* [Task statement]: Among the entries below, the lines from the one with "Casa Tancredi: Esterni, Giardino" up to and including the one with "13142 E Louisiana" are to be restated exactly, without pictures.

* [Material provided]:
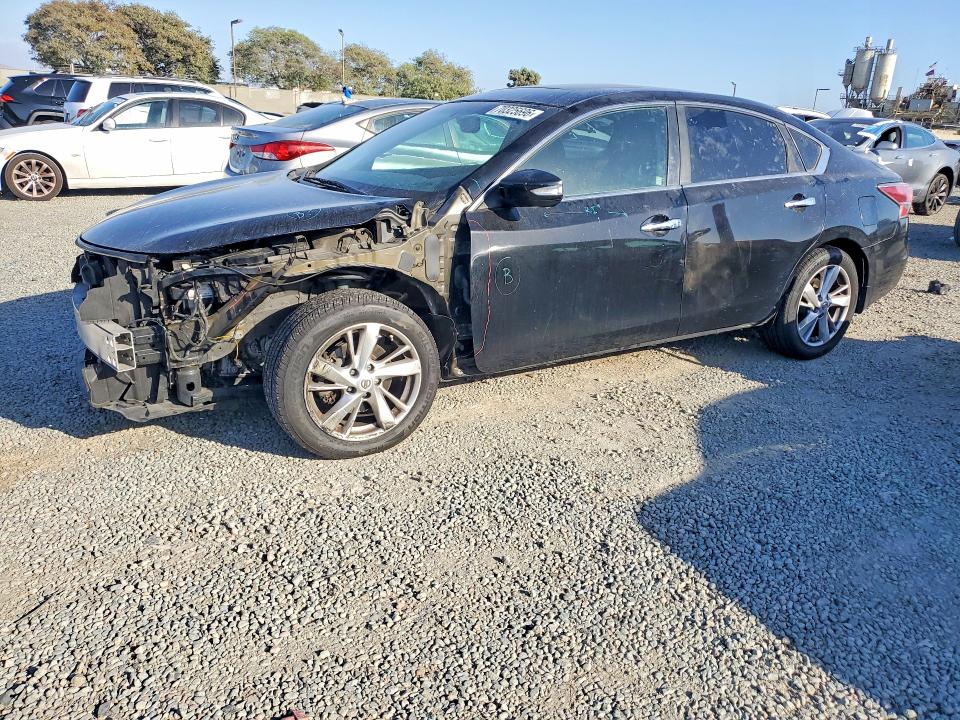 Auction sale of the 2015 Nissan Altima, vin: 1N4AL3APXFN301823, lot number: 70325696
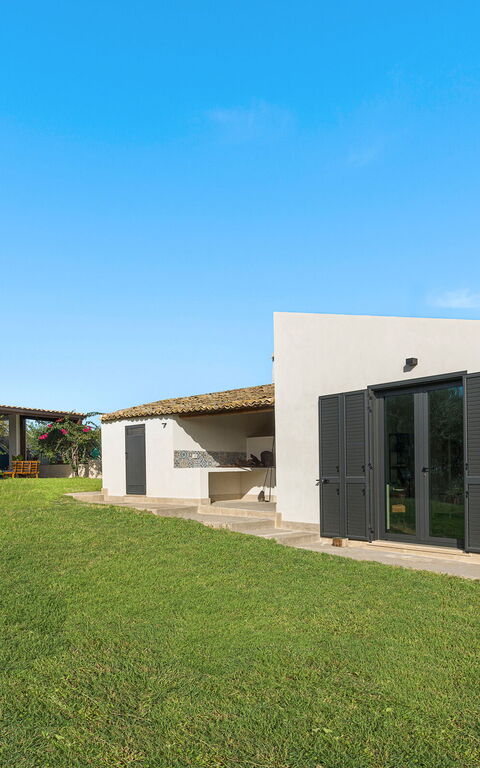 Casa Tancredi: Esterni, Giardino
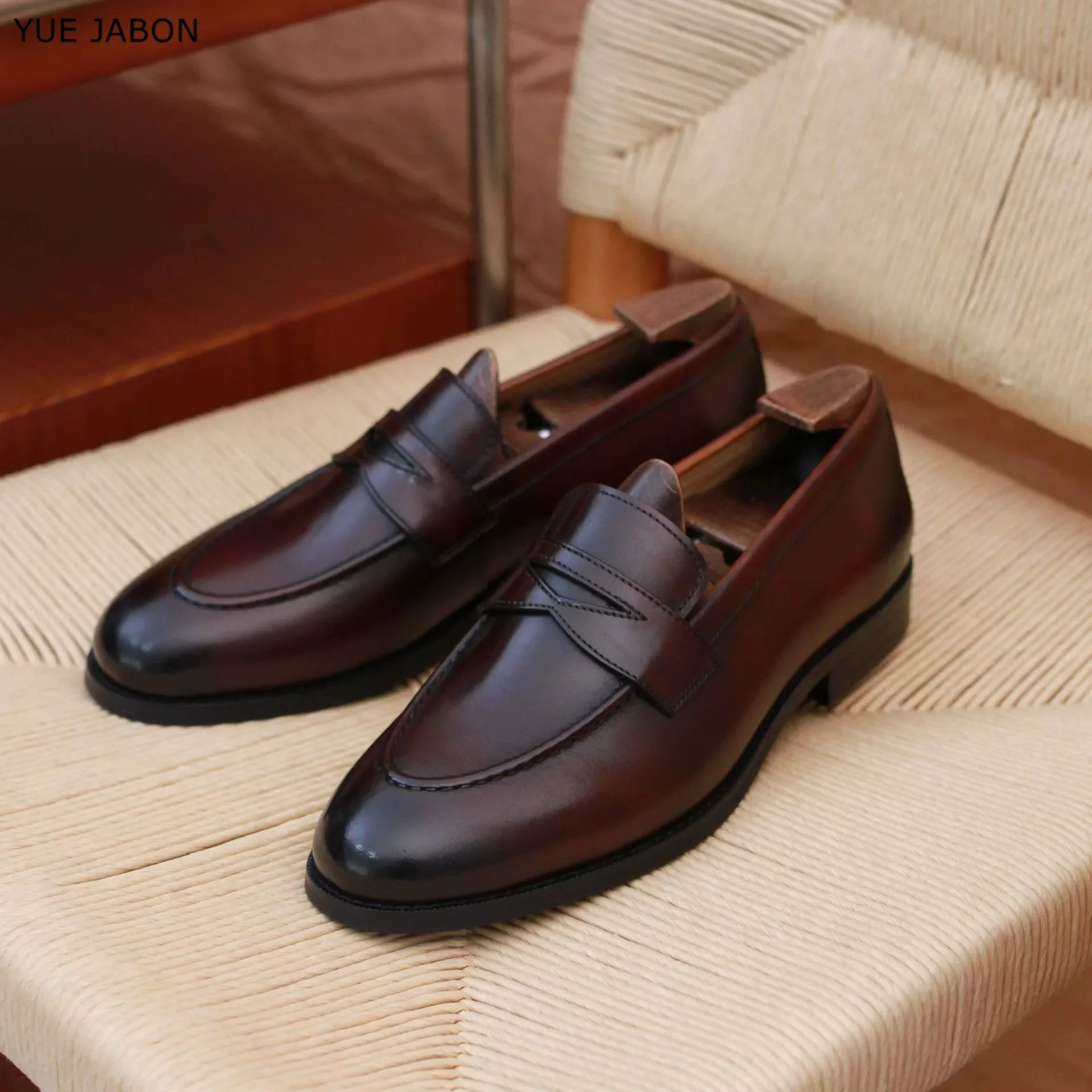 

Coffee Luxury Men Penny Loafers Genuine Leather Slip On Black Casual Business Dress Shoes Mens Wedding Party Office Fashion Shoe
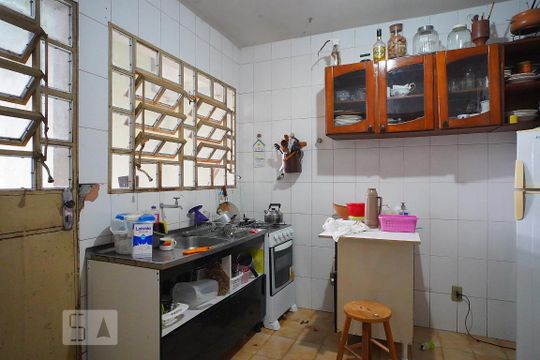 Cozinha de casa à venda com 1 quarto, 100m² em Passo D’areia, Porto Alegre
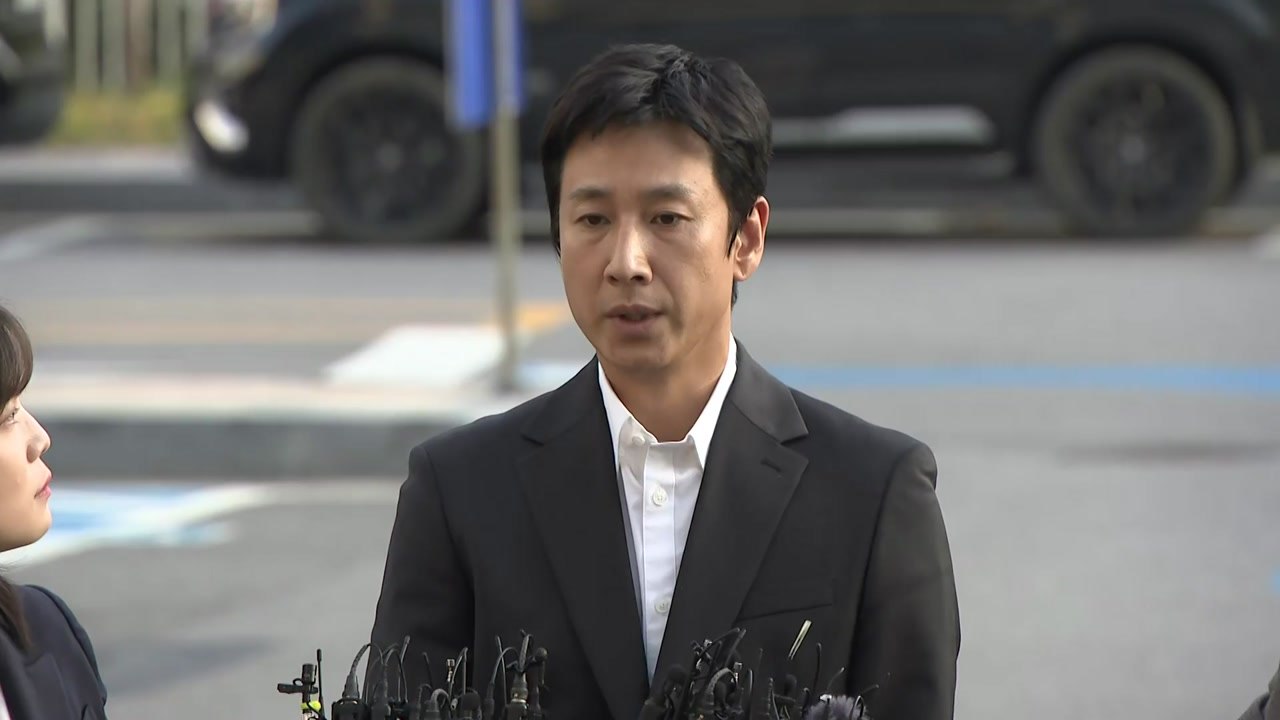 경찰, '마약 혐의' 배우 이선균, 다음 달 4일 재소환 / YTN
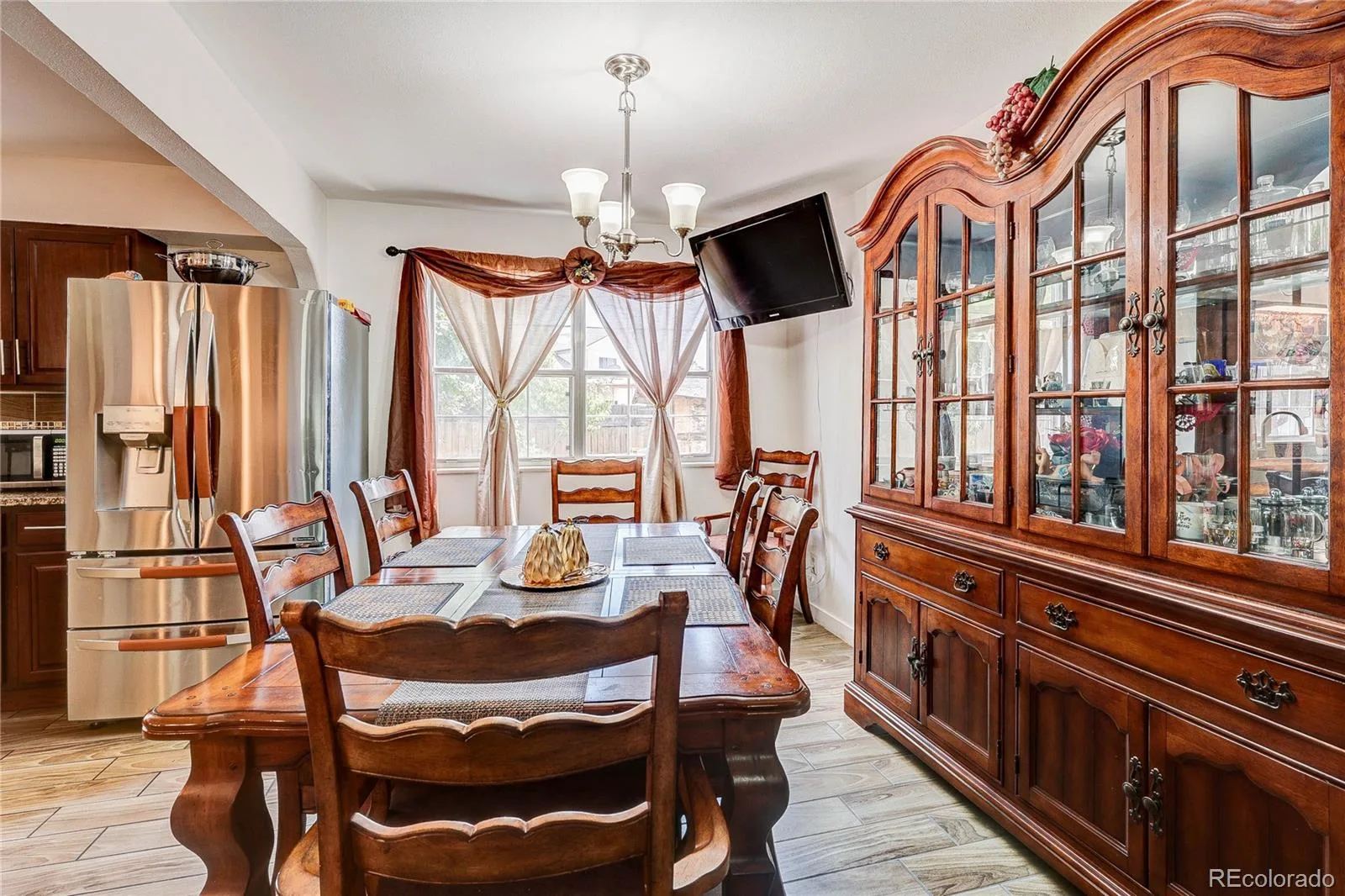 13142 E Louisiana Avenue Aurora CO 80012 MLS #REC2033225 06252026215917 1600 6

--

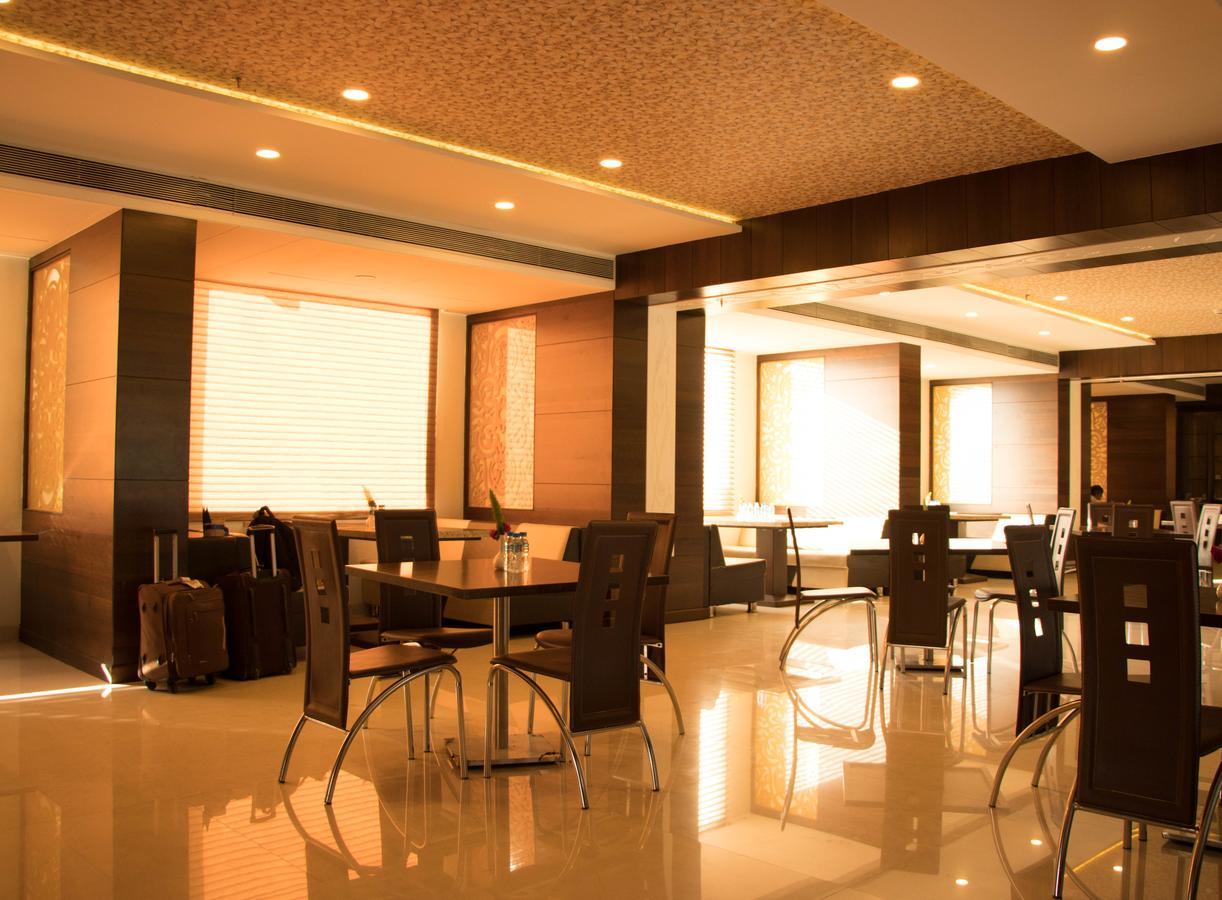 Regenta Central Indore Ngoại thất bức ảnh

* [Answer box]:
 Casa Tancredi: Esterni, Giardino

Coffee Luxury Men Penny Loafers Genuine Leather Slip On Black Casual Business Dress Shoes Mens Wedding Party Office Fashion Shoe
 Cozinha de casa à venda com 1 quarto, 100m² em Passo D’areia, Porto Alegre
 경찰, '마약 혐의' 배우 이선균, 다음 달 4일 재소환 / YTN
 13142 E Louisiana Avenue Aurora CO 80012 MLS #REC2033225 06252026215917 1600 6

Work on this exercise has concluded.